5 Replies Latest reply on Mar 12, 2014 2:38 AM by amd_support

    Asynchronous DMA and Computation

    cjb80

      I haven't found much recent information on this subject on the forum.  I saw that in v2.7 that asynchronous DMA and kernel execution was supported so I am unsure how relevant the older (i.e., ~1 year old) posts are on this subject.

       

      To perform asynchronous read, write and execution do I need to have three command queues with APP v2.9 or can I do this with one (out-of-order command?) queue?

       

      Are out of order command queues supported with AMD GPUs at this point?

       

      Thanks,

       

      Chris

        • Re: Asynchronous DMA and Computation
          prao

          Hi Chris,

           

          Asynchronous DMA and computation can be achieved through separate command queues. You can check the APP SDK 2.9 sample AsyncDataTransfer that demonstrates this.

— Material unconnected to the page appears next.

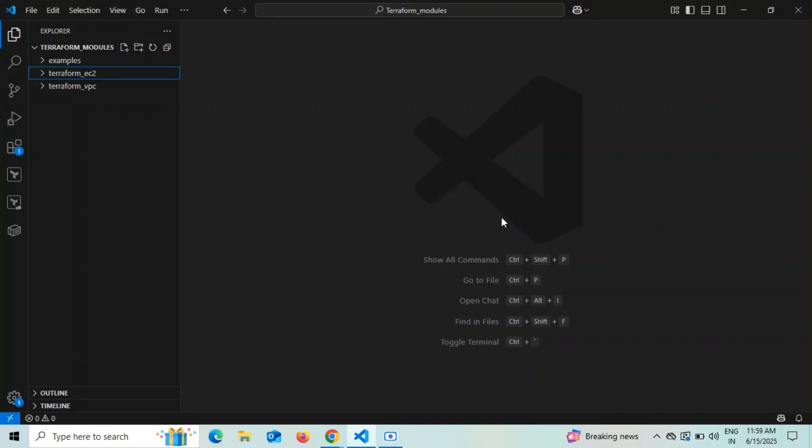Hello guys, welcome back to my YouTube channel. Today in this video we are going to discuss how to add an EC2 instance in a VPC using Terraform modules.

          Out-of-order command queues are not yet supported on AMD GPUs.

           

          Regards

          Pradeep

          1 of 1 people found this helpful
            • Re: Asynchronous DMA and Computation
              cjb80

              OK, just to be clear, is multiple command queues the only method to perform asynchronous transfers and computation then?

               

              Thanks,

               

              Chris

                • Re: Asynchronous DMA and Computation
                  nou

                  AMD implementation have support for concurrent execution. That mean if you execute three kernels on single queue and there are no dependency it can execute concurrently. So it is not strictly in order.

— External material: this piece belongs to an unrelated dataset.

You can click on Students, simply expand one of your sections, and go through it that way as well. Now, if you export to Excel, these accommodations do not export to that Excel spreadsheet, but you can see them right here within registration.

                    • Re: Asynchronous DMA and Computation
                      cjb80

                      It would seem then that AMD supports out of order queues...?

                       

                      Here is what I am currently doing:  I have one queue that I set to be out of order.  I then issue several reads and write commands and one kernel execution command.  I then wait for all to be completed using clFinish(). There is no data dependency between the reads, writes, and kernel execution. Based on what prao has said and comments in other forum posts, it would appear that these operations would happen serially. Is this correct?

                       

                      Thanks,

                       

                      Chris

                        • Re: Asynchronous DMA and Computation
                          amd_support

                          Hi Chris,

                           

                          1. As of now, AMD GPU does not support out-of-order queues. To make sure whether your device has support of out-of-order queues, check clinfo.

                          2. By default, all the clEnqueues commands (read/wrire/execution) are asynchronous with resp to host. But they execute serially on device.

                          3. To execute commands asynchronous on device, you must need at least 2 command queues. But result of overlapping of data transfer with device computation depends upon whether your device has support of at least 2 hardware command queues or not.

                          4. As per the 5.5.6 section of "AMD Accelerated Parallel Processing OpenCL Programming Guide-rev-2.7" book, for Southern Islands and later, devices support at least 2 hardware command queues.

                           

                          Regarding your last post, you are correct and It seems that these operations would execute serially.

                           

                          Thanks,

                          AMD_Support